----- DATA SHOWN -----

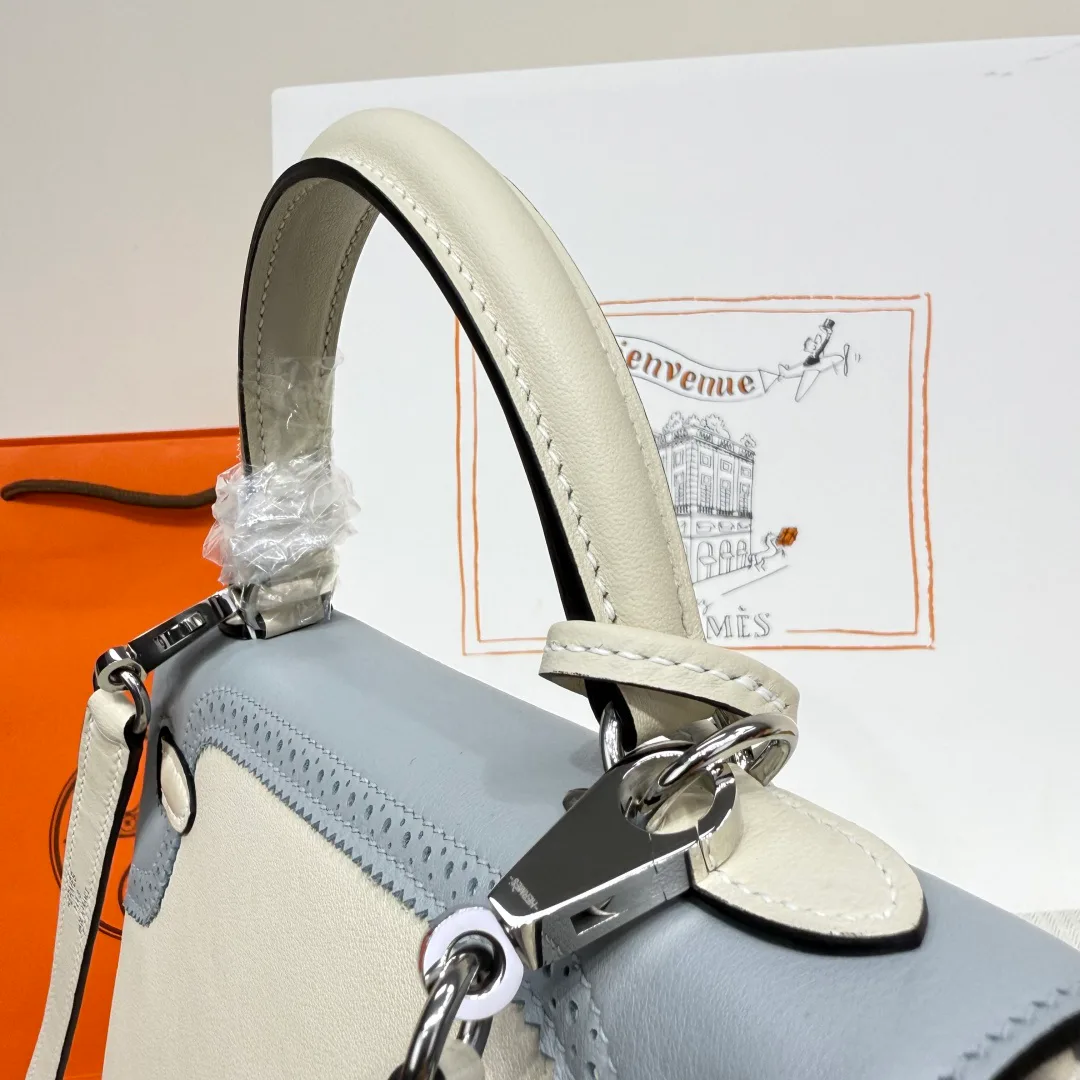 Women's Classic Handbags HERMES 18394574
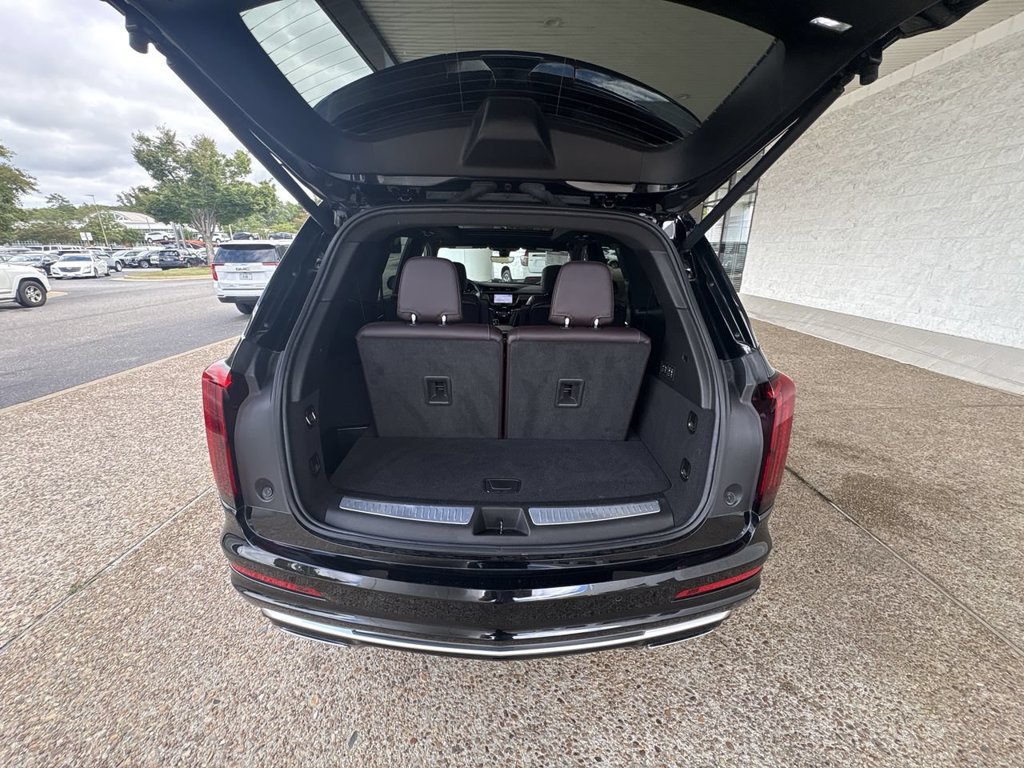 Certified 2023 Cadillac XT6 Premium Luxury w/ Technology Package FWD image 27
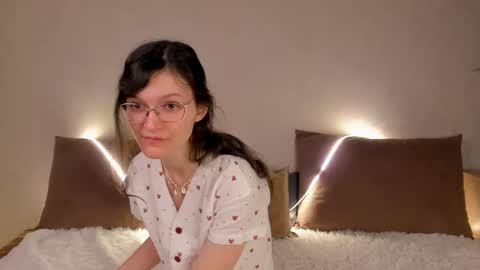 Kelsirabenold online show from March 8, 2026, 4:27 am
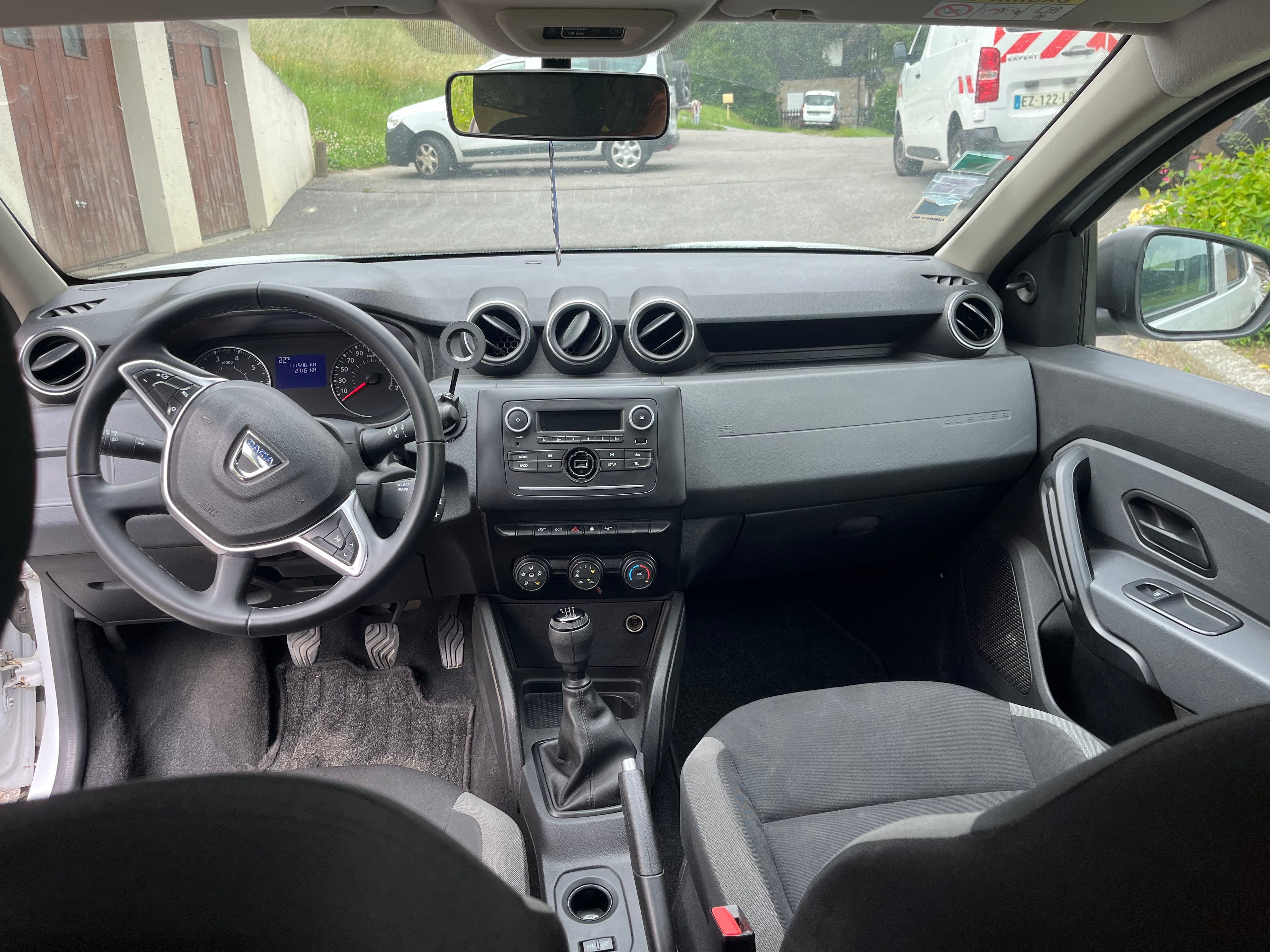 Dacia Duster Société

-----

DIRECTIONS FOR THIS TASK:
Could you return, word for word, every line from the line with "Kelsirabenold online show" through the last line of the listing above, both ends included, without any pictures?

RESULT OF THIS EXERCISE:
 Kelsirabenold online show from March 8, 2026, 4:27 am
 Dacia Duster Société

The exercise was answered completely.